‘Ways of the World’: Don’t judge by words but by actions (Lee Yee)
The tables are turned as the Sino-US relations have reverted to half a century ago. No, it is even worse.
In 1969, the evil flames of the Cultural Revolution were still burning and the leadership of the Chinese Communist Party (CCP) led the blind crowd to shout every day, “Down with American Imperialism, Down with Soviet Union Revisionism.” During that year, there was the Sino-Soviet border conflict between the Soviet Union and China in the vicinity of Zhenbao (Damansky) Island. The border clashes were so serious that the Soviet Union was ready to employ nuclear weapons on China’s nuclear military base. At that time, the Soviet ambassador to the US informed the US National Security Advisor Heinz Alfred Kissinger of this intention, hoping that the US would remain neutral. However, President Nixon categorically rejected as he believed once Pandora's box of nuclear weapons was opened, the entire world would kneel before the polar bear. He opposed the Soviet’s operation and leaked the news to a newspaper for publication. China immediately called “the entire nation to enter a ‘Ready to fight’ mode.” The actions of the Soviet Union were contained and the nuclear disaster did not occur.
The following year, in 1970, Mao Zedong invited American pro-CCP journalist Edgar Snow who made a trip to China for an informal talk. Snow might have been entrusted by Nixon to investigate the possibility of breaking the ice in Sino-US relations. In July 1971, Dr. Kissinger made a secret visit to Beijing and facilitated Nixon’s ice-breaking journey to China the year after, and thus began the China and US strategic interactions.
After the Cultural Revolution, China and the US established diplomatic relations in 1979. In that same year, Deng Xiaoping visited the US. On the plane, he said to his associate, “As we look back in the past few decades, all those countries that were in good relations with the US have prospered.”
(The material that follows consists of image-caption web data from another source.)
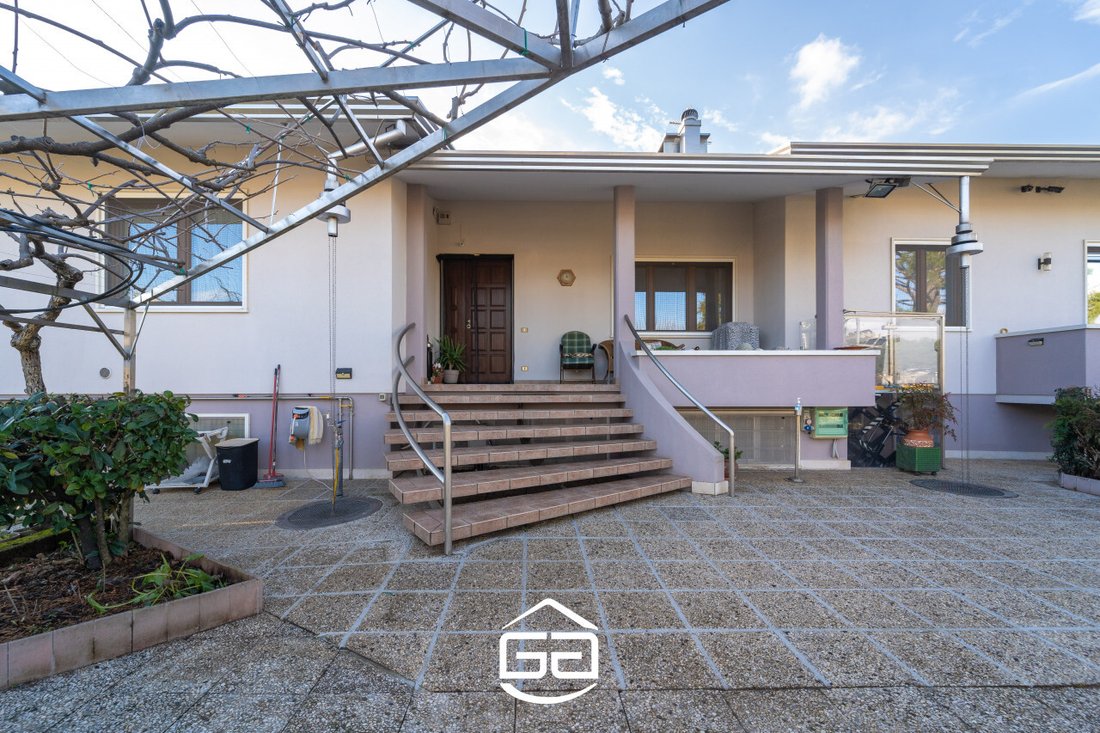 Villa in Malo, Veneto, Italy 2 - 15092912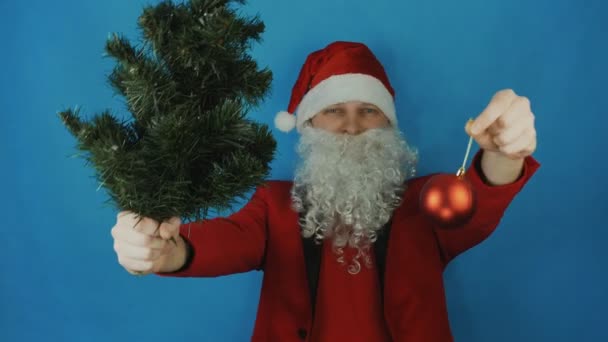 男性像圣诞老人与白胡子和红色帽子或帽子 新的一年 2019年 在蓝色背景 — 图库视频影像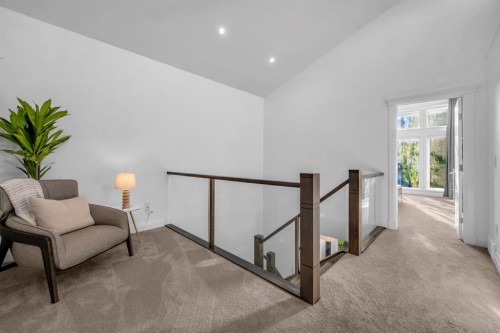 2640 28 Street Sw, Calgary, AB - Indoor Photo Showing Other Room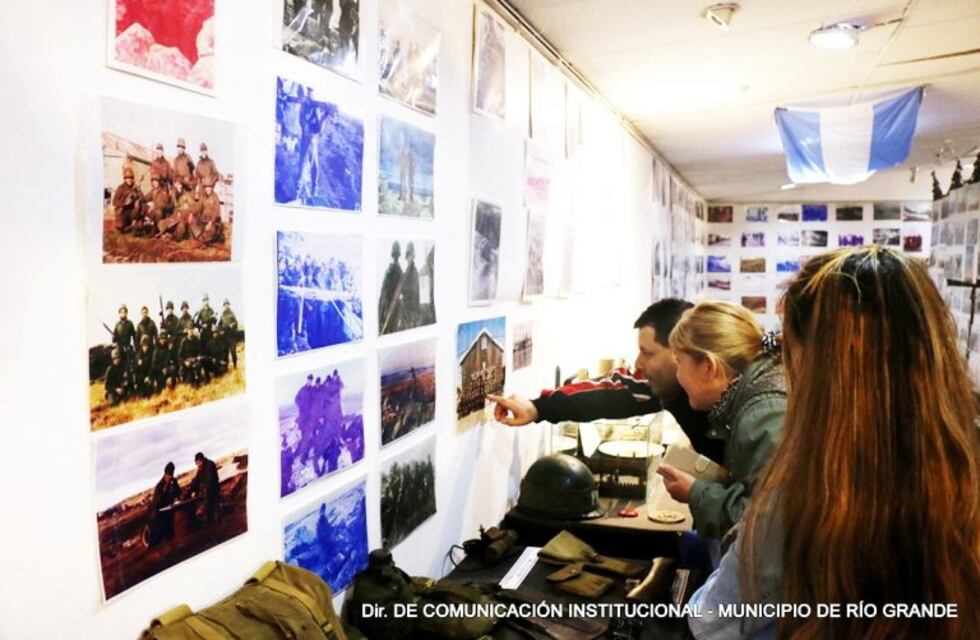 Se inauguró una muestra fotográfica sobre Malvinas en Río Grande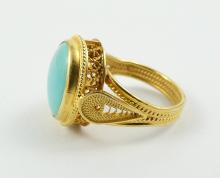 LADIES' GOLD RING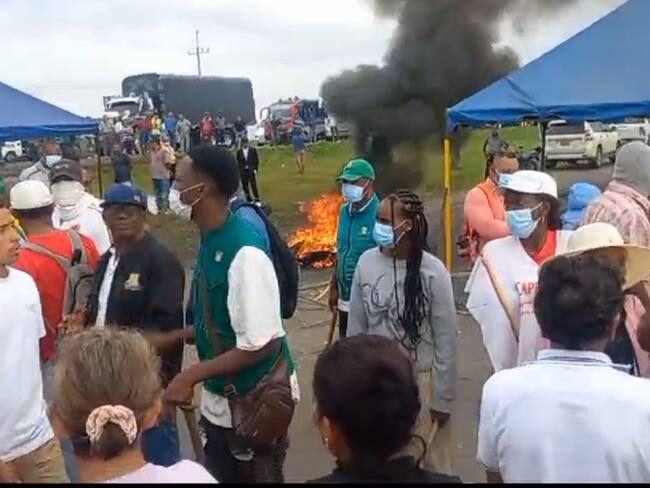 Comunidades bloquean la vía Panamericana entre Cauca y Valle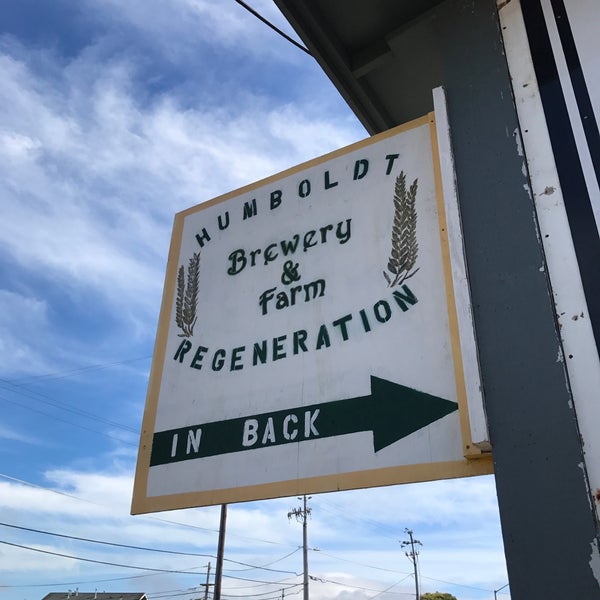 8/13/2017 tarihinde Neal E.ziyaretçi tarafından Humboldt Regeneration Brewery &amp; Farm'de çekilen fotoğraf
China has indeed become rich. The American policymakers and businesses all expected that economic freedom would lead China towards political freedom, but no such thing happened. On the contrary, China’s authoritarian politics became harsher and harsher and finally fulfilled Nixon’s frightful prophecy: fearing that he had created a “Frankenstein” by opening the world to the CCP.
If dictatorship does not carry out political reforms in response to economic needs, then all dictators will eventually become a giant monster. What is more terrifying than any other dictators in history is that the US and the Western world have fattened China. Rich and powerful in military strength, its money and influences have penetrated across the globe, giving rise to a situation of what US Secretary of State Mike Pompeo described in his speech last week, “If we don’t act now, ultimately the CCP will erode our freedoms and subvert the rules-based order that our societies have worked so hard to build...If the free world doesn’t change – doesn’t change, communist China will surely change us.”
Pompeo’s speech not only declared the start of the cold war between the US and China, but also signified that a tougher, close-to-war era is looming.
He quoted President Reagan’s saying, that he dealt with the Soviet Union on the basis of “trust but verify.” When it comes to the CCP, said Pompeo, they must “distrust and verify.” “Trust but verify” means they would trust what one says but also observe how one acts; “distrust and verify” on the other hand, means they do not listen to what the person says, but only watch what the person does. Facing deterioration of the relationship with the US, the CCP keeps saying both parties should resume dialogue. But the US is fed up with dialogues. As Pompeo said, all the dialogues with Yang Jiechi are nonsense.
Comparing with speeches made by Chinese politicians, which are often lacking substance but full of self-praise, what touched me most about Pompeo’s speech was how he acknowledged and reflected on previous policy mistakes. He said, “Perhaps we were naive about China’s virulent strain of communism, or triumphalist after our victory in the Cold War, or cravenly capitalist, or hoodwinked by Beijing’s talk of a ‘peaceful rise.’”
Actually, being naive, triumphalist, hoodwinked, were all one, or all of the mistakes committed by numerous countries, investors, people in the past 50 years. Now Pompeo, openly reflecting on these, suggested that the US has completely awakened. Yesterday, Xinhua News Agency was still mumbling about “China-US cooperation would be a win-win situation; fighting against each other would only lead to a lose-lose one.” From the US point of view, the win-win of working together only means China would win twice; when fighting against each other, it would be lose-lose, losing twice for China.
Over a hundred years ago, Alexis de Tocqueville, a French historian famous for his studies on the new world’s politics and culture, said, “America is great not because she is cleverer than the other countries, but she is more capable of repairing mistakes she made.” This is down to the fact that the US has sufficient freedom of speech, which China lacks. And it is exactly because China prohibits people from “unwarranted public distortion” of the central government, that it keeps making mistakes, again and again.